Curitiba se mostrou um oásis de preço e de variedade para mim, que vinha de cinco anos morando em Florianópolis, onde eu só conhecia champignon em conserva. Em Curitiba, uma bandeja com 300 gramas de cogumelos Paris custava R$ 4,50 no sacolão mais próximo – branquinhos, firmes e desprendendo seu leve aroma terroso. De 2012 em diante, minha alimentação passou a ser muito mais fresca. Em vez de concentrar as compras no supermercado uma vez por mês, eu passei a comprar apenas o que eu precisava, quando eu precisava, nos comércios próximos de casa. Eu, que não comia carne com frequência por economia, parei de vez de prepará-la em casa.

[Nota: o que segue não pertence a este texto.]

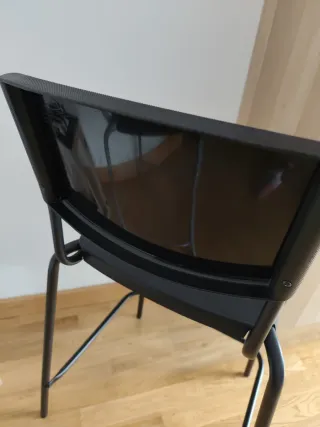 Sillas altas para barra (2 unidades)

O blog foi aprovado alguns meses depois e o Verdura sem Frescura entrou no ar em setembro de 2013, dias antes da realização do maior evento vegetariano da América Latina, o congresso VegFest, no campus de Agronomia da Universidade Federal do Paraná. Naquele mesmo ano, dois estabelecimentos veganos haviam inaugurado no centro de Curitiba, a lanchonete Semente de Girassol, em março, e o empório Veg Veg, em maio.
Esses dois lugares abriram as portas para muitos empreendimentos e mudanças no cenário de alimentação fora de casa que se desenvolveu em Curitiba. Documentei parte desse processo no blog e, em 2016, estudei o período em meu mestrado. O pequeno mercado que começava a se formar no Brasil era impulsionado, a princípio, por cozinheiros amadores, com poucas horas de cozinha, e que atendiam a uma demanda represada e pouco exigente.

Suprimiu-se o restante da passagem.